How does that change anything at all? Take any of the plaintiffs in the Stable Diffusion lawsuit. Let’s say that their work was left out of the training data or if it was allowed to remain that the tool never reproduced training data… is Stable Diffusion any more or any less useful? Is literally anyone using Stable Diffusion with the intent to reproduce one of the plaintiff's copyright protected works?

1 comments

> Let’s say that their work was left out of the training data or if it was allowed to remain that the tool never reproduced training data… is Stable Diffusion any more or any less useful?

This doesn't really have much to do with copyright.

> Is literally anyone using Stable Diffusion with the intent to reproduce one of the plaintiff's copyright protected works?

Intent isn't really a factor in terms of damages for copyright infringement. But I assume we'll figure out the extend of the damages if/when damages are awarded, since that's when they measure it out.
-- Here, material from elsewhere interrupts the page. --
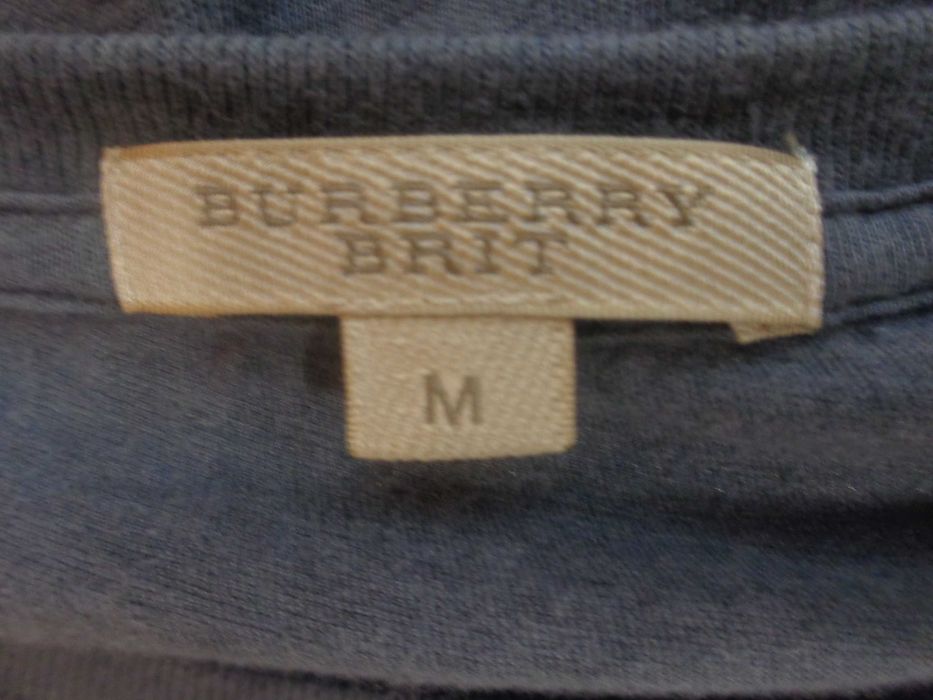 Tricou gri Burberry  marimea M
Granted, I expect the liable parties to settle far before it gets to that; the payout seems cheap (~100k - 1m) relative to the risk (penalties for copyright infringement are per unit, and it's easy to hit millions of units on the internet).

And yes, a lawyer for the defense will show that, unlike a zip file of photos that can ONLY be copies of protected works and that anyone distributing such a zip file cannot reasonably say that they are expecting non-infringing works, with Stable Diffusion there is basically no one expecting to get copies of any of the plaintiffs protected works.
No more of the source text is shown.